Adaptando a obra máxima de
Mirbeau, Renoir, encontra um misto de realismo e plástico, uma mistura de sua
técnica apurada com a ambientação de estúdio. Tendo a Paulette Godard como a
musa Celestine, sendo a camareira que é contratada pela família Lanlaire.
Um de seus temas mais recorrentes faz-se presente com
força neste drama cômico, a força do embate entre burgueses e proletários. Já
que se aprofunda na relação que os nobres da região constroem com Celestine,
além de é claro como os olhos recaem sobre ela. Como uma presa. Nestas relações
é possível perceber os burgueses da época em suas obsessões individualistas
procurarem certa superioridade, enquanto ela apenas assiste e aprende, apesar
de ter uma válvula de escape com sua companheira de trabalho. O enredo ganha
uma energia mais dramática com a chegada de George, o filho da família, que há
tempos não aparecia em casa. Taxado como um homem doente e com uma dificuldade
grande em construir relações, sua mãe tenta usar de Celestine para deixá-lo em
casa. Neste momento passa a tratá-la bem, tão quanto suas peças de prata.

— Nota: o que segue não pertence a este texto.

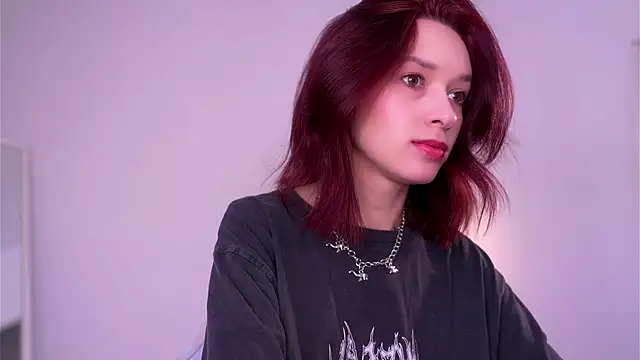 Snapshot of VivianLy_ chatting on March 18, 2025, 8:17 am VivianLy  online show from March 18, 2025, 8:17 am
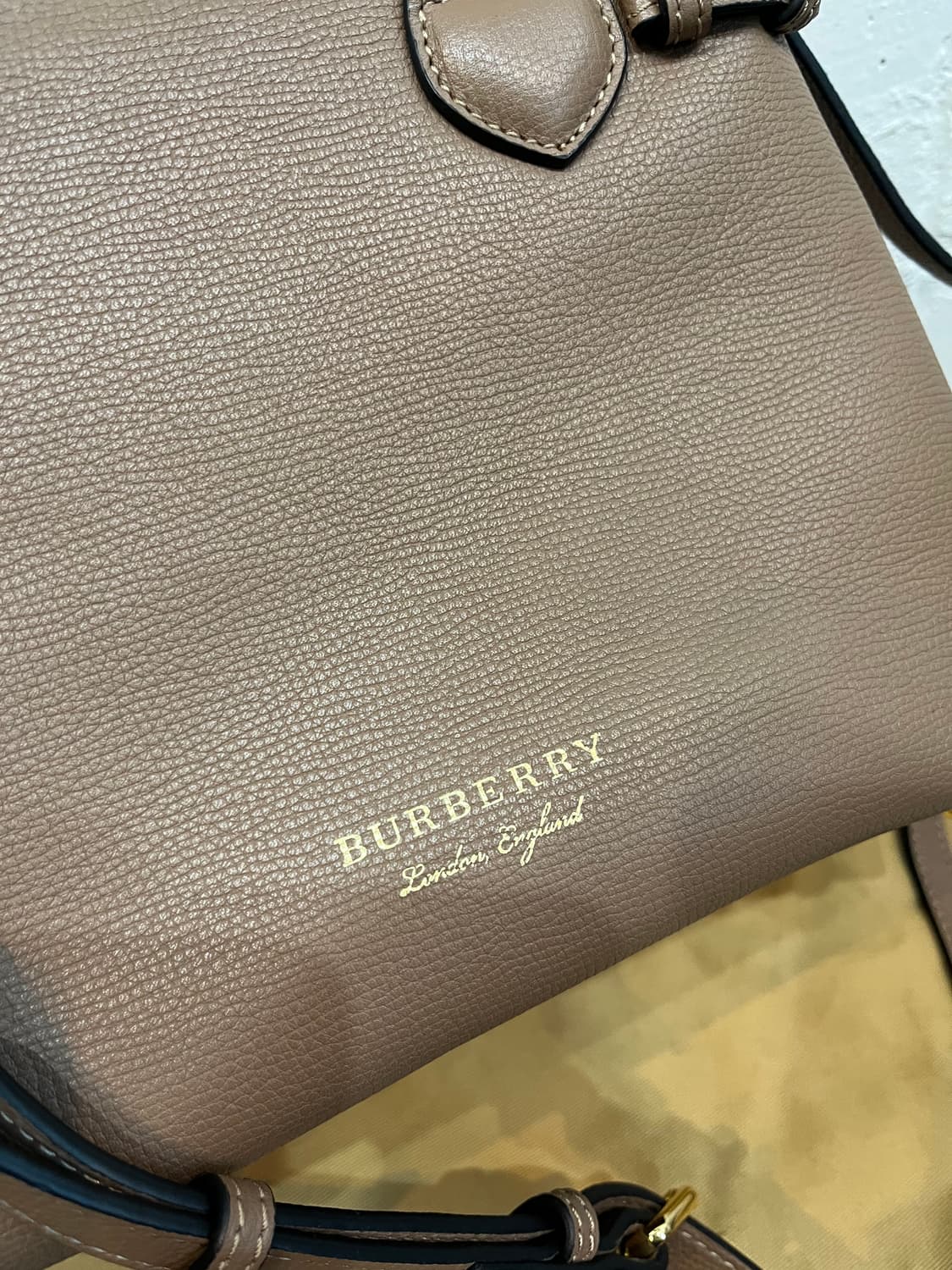 버버리 하우스체크 스몰 배너백 상품이미지2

Objetos e sujeitos são a mesma coisa para a família Lanlaire, contanto que
tenham utilidade.
Além disso, Renoir usa de forma bastante interessante sua
habilidade de profundidade de campo. Em seus filmes, as janelas ao fundo,
abertas, conseguem criar um aspecto de que o microcosmo do enredo não fecha em
si mesmo, sempre está em aberto, em relação com o fora. Enquanto toda a vila
comemora a proclamação da República com um grande Carnaval nas ruas, os
burgueses bebem em sua privacidade, fecham as janelas e ainda comemoram a morte
da República, conseguindo, por meio deste ato da janela, criar uma oposição do
que está dentro e do que está fora. Os momentos que se desenrolam no Carnaval
são sensacionais, um belíssimo uso das multidões, é como se elas ganhassem
vida, lembrando vagamente os filmes do russo Eisenstein.
Os movimentos de câmera são muito bem utilizados também,
movendo-se de um ambiente a outro, com deveras maestria, acompanhando seus
personagens numa vontade moderna. É nestes movimentos que seus personagens se
tornam vivos, que sua relação com o ambiente se torna sensorial, sem eles a
plasticidade do cenário iria vencer o realismo de sua decupação
cinematográfica. Talvez o que falte ao longa seja uma precisão melhor de seu
enredo, se é uma comédia, ou se é um drama, pois sua conjunção faz de certo
modo o longa perder sua graça, ao mesmo tempo tornar seu drama pouco potente.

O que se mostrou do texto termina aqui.